When asked why the cat attacked Bergere when it looked like it would cross the road like the other cat, he said cougars are highly sensitive to movement and react to things moving quickly or unexpectedly. It could be as simple as something about Keri catching the cat’s attention, and it decided at that moment to attack.
Since the cat was so young, it would be more risk-accepting than an older cat. It should have been nervous being on the road in the daytime. It should have been uncomfortable around humans, but because of its age, it had less life experience and wasn’t.
As for why the attack went on for so long, Elbroch said domestic cats and their wild counterparts exhibit focal lock when stalking their prey. Their gaze narrows, allowing them to focus on a specific point. The cats use this intense concentration to calculate their attack trajectory. When they are in attack mode, you cannot stop fighting until you break that lock. He thinks a shot of bear spray directly into the cat’s eye would have helped break that intensity.
Even though Dr. Elbroch supports the lethal removal of this cat, he said there is no evidence to support the idea that this attack meant this cat would have started hunting humans.
Elbroch pointed out that hunting may increase conflict. Since the average age of lethally removed cats has decreased, there is evidence that if an age dynamic is changed in a population of cats, you create more conflict. Therefore, more hunting may equal more conflict.

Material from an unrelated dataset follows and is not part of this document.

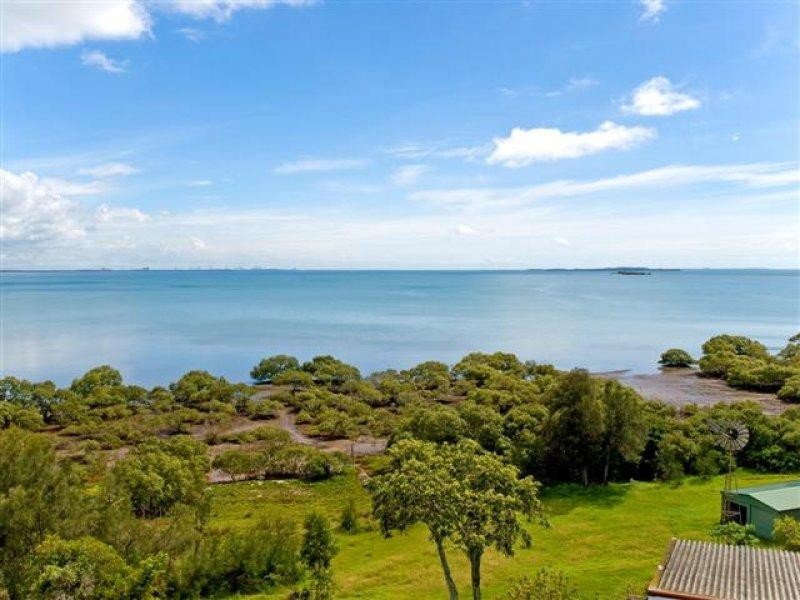 90 Douro Road, Wellington Point QLD 4160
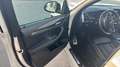 BMW X3 X3 xDrive30e Aut. Blanc - thumbnail 9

He said that while we know that if a cat population is reduced by 16%, there will be fewer cats, we don’t know the threshold for creating a population of younger cats. Evidence suggests we might be changing the age structure of our population, and younger cougars = more trouble. Elbroch says more studies are needed to know what’s happening.

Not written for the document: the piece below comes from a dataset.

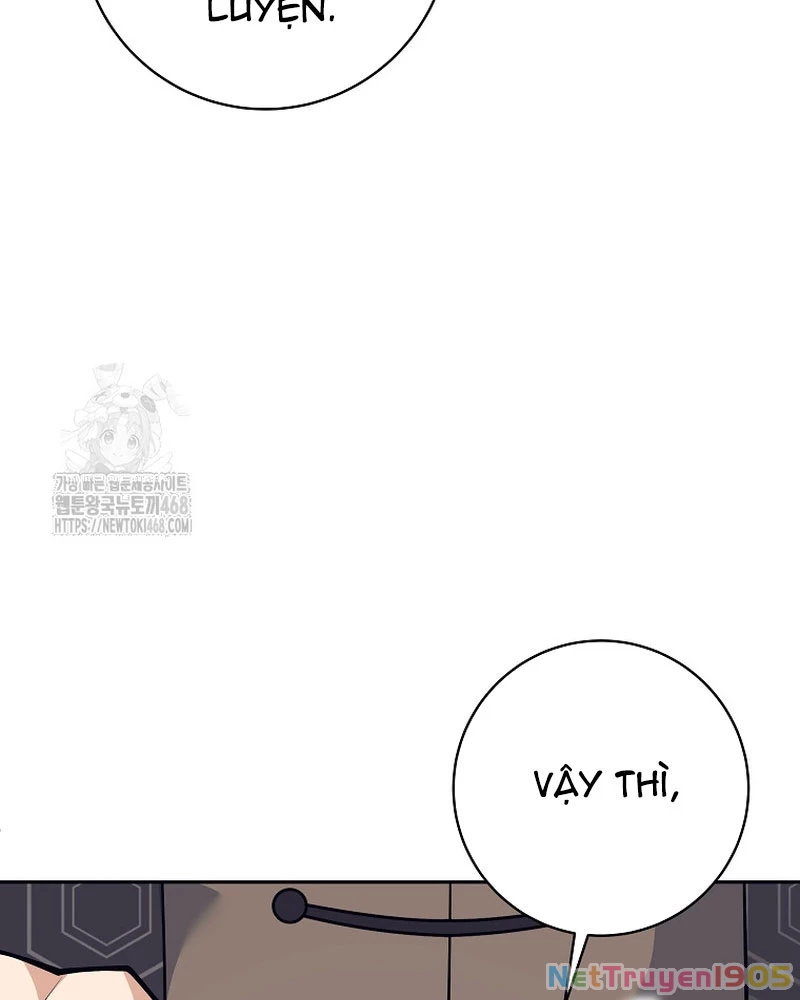 Phệ Kiếm Chapter 36 - Trang 2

Dr. Elbroch’s insights underline the complexity of human-wildlife interactions and the importance of understanding animal behavior to prevent future conflicts. While the lethal removal of the cougar was deemed necessary, it also opens a conversation on managing wildlife populations and the consequences of altering their natural dynamics.
This harrowing encounter in the Snoqualmie Valley tells a story of survival and courage and poignantly reminds us of our shared environment with nature’s predators. As the five women heal from their physical and emotional scars, their story continues to resonate, prompting further research and dialogue on coexisting with our planet’s wild inhabitants.
[Featured image from L to R: Tisch Williams, Annie Billota, WDFW Sgt Carlos Pace, Aune Tietz, Keri Bergere, Erica Wolf ]
*This post has been updated to add clarity to names in quotes
[1] It has been rumored they were not permitted to be in the area and operating e-bikes. This is untrue.
[2] All times were verified by Living Snoqualmie by reviewing GPS and phone call logs.
Comments
Excellent reporting, Melissa!
It is good to hear the first-hand reports of these courageous and resourceful women. Thankfully, they all survived the attack. Although a kitten, 75-pounds of cat is a formidable and well-equipped opponent. While attacks are rare, they can be devastating to a victim.
Thank you for bring Dr. Elbroch’s comments into the discussion. Elbroch’s research and videos have greatly increased our knowledge of the fourth largest cat species. I might note that he is a prolific author as well as researcher, and has written many books on tracking, multiple field guides, and an encyclopedia on animal skulls.